Sitcoms and sexual hype aside, I like this perfume, both on myself and on my husband. My nose doesn't detect anything dirty about it. On the contrary: It's crisp, elegant and feels well made and well tailored. There's nothing skanky or tacky in this bottle, and the sillage is moderate and wouldn't offend anyone. It's suitable for a first date as well as for the board room.

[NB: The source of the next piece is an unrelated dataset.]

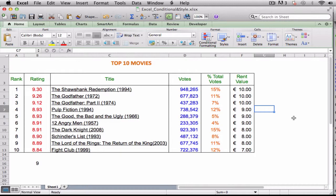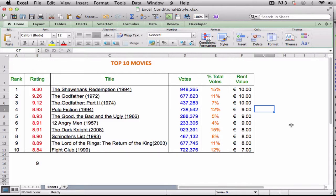For example, you can tell Excel to apply the formatting only if the cell's value is greater than some specified amount. When you set up your conditional format, you can specify the font, border, and background pattern, which helps to ensure that the cells that meet your criteria stand out from the other cells in the range.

The citrusy opening is sharper on my husband and softer on my skin. Actually, I need to spray quite a bit to even get the lemon leaf. I smell more soft green: basil and violet leaf. The development into citrus flowers is seamless and soft. There's no alpha male roaring in this bottle. Out of the base notes, the most prominent for me is the vetiver. It's more transparent than the rich Vetiver Oriental (Serge Lutens), but richer than the very clean Le Labo Vetiver. The drydown has a faint sweet ambery accord, further warmed by several woods. I can't find the promised animalic touch promised by the use of Cypriol, an Indian root (which despite the marketing blurb about never being used before in perfumery, is actually nothing new). Roots, woods and amber aside, this is an EdT and not a powerhouse perfume. It would not fill a subway car.

I'm happy to wear this scent, but would have been even happier if it lasted longer and had more strength. The limited edition Extreme which is due to be out next month is an EdP and should provide the missing depth. I'm very curious to see how it goes (and the images that would accompany that one).

The real target audience of Tom Ford For Men is actually the man, so here is what the bottle's just owner has to say:


You can't write a review concerning the new Tom Ford for men perfume without addressing the provocative ads first. My 2 cents as a man: They grab your attention, pun intended. But if your inner stud is expecting to find a sexy, primal hot and heavy scent, you're in for a surprise. Everything about this perfume, from the elegant bottle to the top and base notes is classy, polished and sophisticated. It is a great scent for work that I would wear after hours as well. Come to think of it, it actually delivers the sexiest scent of all, the pheromone of a polished and successful man.